Procedia
Engineering 26 (2011) Page No: 1726 – 1730
Feasibility
Analysis on Using Shaft in the Region with Large
Deformation
HUANG
Pinglua, CHEN Congxina, XIAO Guofenga
NATIONAL INSTITUTE OF INDUSTRIAL ENGINEERING
PGDIE-42
Submitted by
Jitendra Nayak
PGDIE-42
Roll No-118
Abstract
Based on results
of deformation monitoring and numerical simulation, feasibility of using shaft
in the region with large deformation is discussed. The results obtained show
that: although the original is big, and the deformation of rock around the
shaft will continue to increase. The tilting of shaft will seriously affect the
cage's running up and down. However, the total deformation is still in a
certain range, general damage of rock mass around the shaft won’t occur in the
near future. By taking some measures to stop rock deformation speeding up, to
reinforce the structures and the foundation of shaft, derrick and hoist room,
to promote safety management, coupled with comprehensive, systematic and
continuous site monitoring and prediction, the East Main Shaft can continue to
be used. The post-useof shaft validates the correctness of the findings. To
accurately explore the feasibility of using shaft, some basic work as
comprehensive grasp of engineering geology conditions, in-depth insight into
the rock deformation characteristics and mechanism, and accurate prediction of
rock deformation are really required. The research method and results obtained
may be of referential value to similar projects.
With the depth of
underground mining of mineral resources increased, the regulations of surface deformation
and rock movement caused by underground mining are becoming more and more
complex. In many large-scale mines, especially in the large metal mines, the
scope of surface deformation caused by underground mining far exceeds the
initial forecast, which not only results in the deformation or collapse of the
houses, factories, and other structures, but also makes the structures in the
rock mass like shafts move into deformation zone or collapse zone earlier than
expected. With the large deformation of rock layers, the shaft deforms
severely, which affects its normal use. Such as in Xiaoguanzhuang iron ore,
the main shaft
which is 600 m away from the exploitation border deforms dramatically. In the
eastern area of Chengchao iron mine, the surface and the structures around the
East Shaft cracks and produce a larger deformation with the mining depth is
less than 400m.
On the causes
and safety countermeasures of shaft deformation due to underground mining, some
research have been carried out and many valuable results have been obtained.

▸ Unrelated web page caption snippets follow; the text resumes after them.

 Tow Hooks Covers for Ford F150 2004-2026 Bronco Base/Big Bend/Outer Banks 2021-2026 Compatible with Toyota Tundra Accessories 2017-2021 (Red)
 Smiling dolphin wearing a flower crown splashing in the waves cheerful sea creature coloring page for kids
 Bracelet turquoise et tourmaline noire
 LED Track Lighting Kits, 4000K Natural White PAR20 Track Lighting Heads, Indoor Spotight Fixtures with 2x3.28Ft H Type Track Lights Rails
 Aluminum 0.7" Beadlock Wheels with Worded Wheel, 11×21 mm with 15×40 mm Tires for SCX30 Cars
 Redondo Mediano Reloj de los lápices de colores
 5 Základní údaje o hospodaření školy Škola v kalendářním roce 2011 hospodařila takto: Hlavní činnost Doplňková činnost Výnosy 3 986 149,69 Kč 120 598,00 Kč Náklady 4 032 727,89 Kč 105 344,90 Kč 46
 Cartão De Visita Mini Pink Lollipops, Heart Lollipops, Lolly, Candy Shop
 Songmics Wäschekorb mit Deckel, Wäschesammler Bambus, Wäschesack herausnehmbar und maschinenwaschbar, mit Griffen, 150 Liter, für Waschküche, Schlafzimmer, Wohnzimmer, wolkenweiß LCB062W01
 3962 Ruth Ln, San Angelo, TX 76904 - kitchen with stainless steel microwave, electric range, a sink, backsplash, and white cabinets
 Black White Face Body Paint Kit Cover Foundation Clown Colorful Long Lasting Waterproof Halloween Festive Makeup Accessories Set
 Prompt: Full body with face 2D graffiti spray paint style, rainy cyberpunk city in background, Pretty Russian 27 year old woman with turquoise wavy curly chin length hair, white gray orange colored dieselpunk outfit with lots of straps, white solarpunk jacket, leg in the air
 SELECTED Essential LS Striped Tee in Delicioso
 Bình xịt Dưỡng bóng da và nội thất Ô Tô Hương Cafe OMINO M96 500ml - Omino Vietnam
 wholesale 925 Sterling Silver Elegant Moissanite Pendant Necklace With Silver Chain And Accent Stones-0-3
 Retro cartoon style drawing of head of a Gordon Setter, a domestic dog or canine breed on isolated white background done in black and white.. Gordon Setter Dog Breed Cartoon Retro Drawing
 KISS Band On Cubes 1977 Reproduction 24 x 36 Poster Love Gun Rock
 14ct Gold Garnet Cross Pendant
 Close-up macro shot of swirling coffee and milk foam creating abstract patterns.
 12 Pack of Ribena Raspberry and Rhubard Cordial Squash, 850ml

However, there are only few researches about the feasibility of using shaft in
the region with large deformation, and the systematic theory that can be
referred to have not been established. In this paper, based on deformation
monitoring and theoretical analysis, exploratory research on the issue is
carried out.
1. Project
Profile
1.1. Engineering geology and underground mining
Chengchao iron mine is a very
famous in China with an annual output of more than 3 million tons. The mine
surface belongs to hilly topography. The footwall rock of ore body is granite,
the hanging wall rocks are diorite and angular rocks from near to distant, and
rock above the ore body is marble. The rock layers strike almost EW, dips south
by west.
The geological
structures within the mining area are very complex, which is mainly manifested
by the well-developed faults. There are two main faults which are parallel to
the ore body. One is in the north of the ore body, and the other is in the
south of the ore body. There are also several faults that are perpendicular to
the direction of ore body. The maximum principal stress in the area is 1.4
times of the gravity, with the direction of nearly east-west. The second
principal stress is 1.1 times of the gravity, with the direction of nearly
south-north.
There are three
main ore bodies distributed in the mine area. The ores were mined from the
beginning of -16 m level since 1970, and the exploitation level is deep into
-360m in 2007. The sub-caving is used as the main mining method in the mine.
1.2. East Shaft
East Shaft of
Chengchao iron ore is located in the footwall of the ore body. It is about 300
m far from the ore body. As one of the main shaft in the mine, it was used to
hoist the ores and ventilate. The shaft was put into operation in 1966 and it
has made a great contribution to the mine production.
East Shaft began
to crack in April 1996. And from then the scope of surface cracking continually
expand northward. The cracks of shaft and hoist house foundation had been
becoming increasingly serious and the size of cage was force to reduce. The
lift system centre of the derrick had also been adjusted. Shaft had been running
in sick. According to the measurement, the wellhead has moved about 40cm in
horizontal direction till the end of 2006. The derrick tilted apparently and
the well cracking became more and more serious. However, the well had to be
used to promote waste rock from 2007 to 2009 according to mine production
planning. It is necessary to grasp the regulations and trends of shaft
deformation
before the decisions whether the well can be used continually or not were made.
2. Deformation
Monitoring and Prediction
2.1. Surface Deformation
Monitoring
The surface
deformation, including monitoring horizontal and vertical displacement, was conducted
from May 2007. GPS and Level technology were used in the horizontal and
vertical displacement monitoring respectively. The vertical and horizontal
displacement field diagrams obtained by site monitoring are shown in Fig.1.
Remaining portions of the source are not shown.